## Your goal:
The line with "King Room - Disability" marks the start; please set it down along with all later lines through the end of the material, exactly, leaving out pictures.
== Data extract
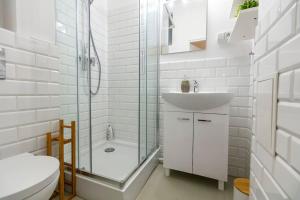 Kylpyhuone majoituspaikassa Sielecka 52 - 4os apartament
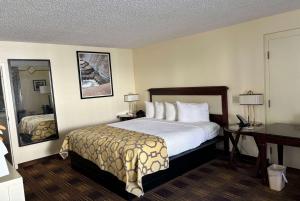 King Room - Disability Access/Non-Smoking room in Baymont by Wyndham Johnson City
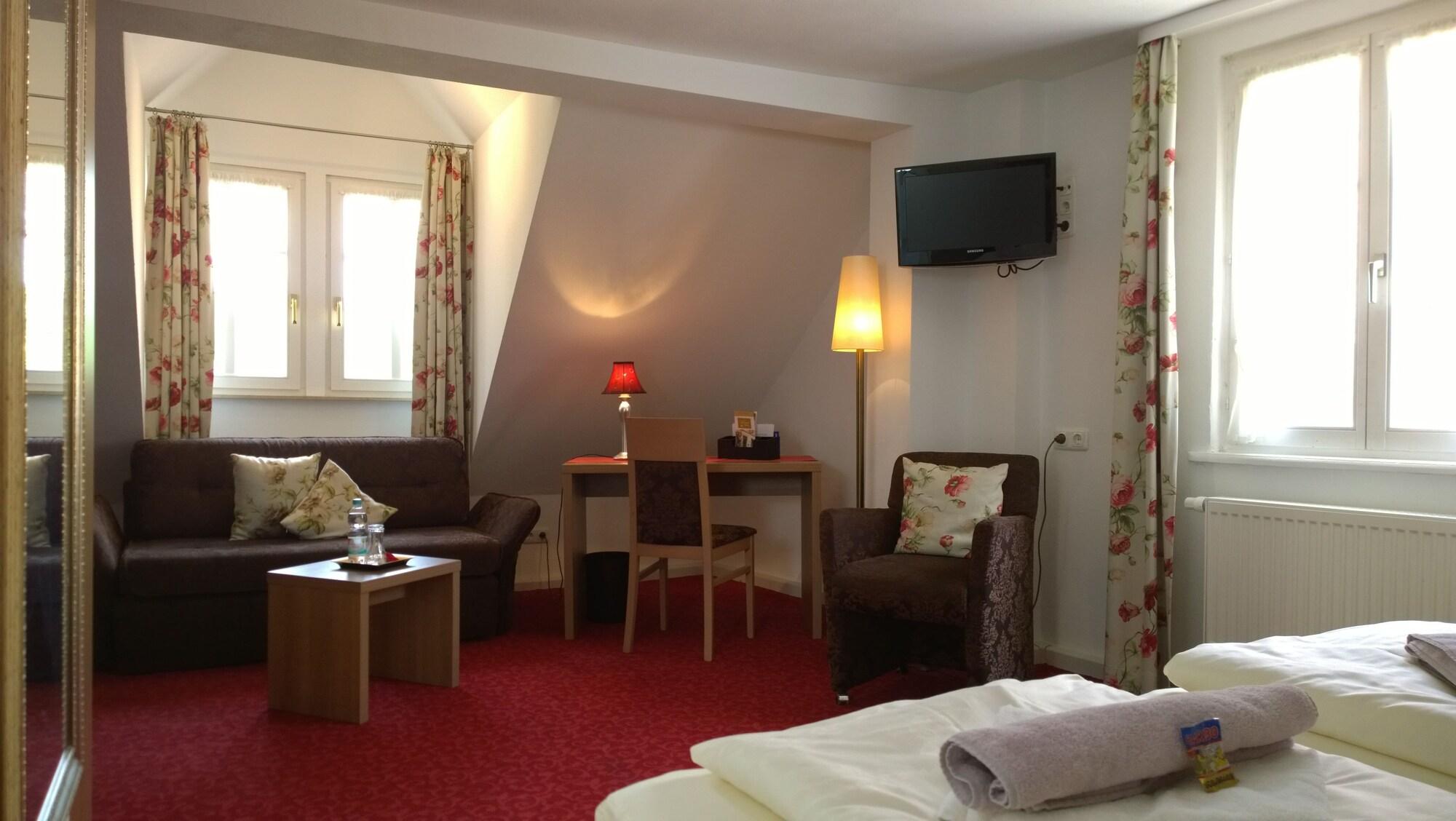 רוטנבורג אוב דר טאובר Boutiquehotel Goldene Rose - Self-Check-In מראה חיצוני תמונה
====
## Your solution:
 King Room - Disability Access/Non-Smoking room in Baymont by Wyndham Johnson City
 רוטנבורג אוב דר טאובר Boutiquehotel Goldene Rose - Self-Check-In מראה חיצוני תמונה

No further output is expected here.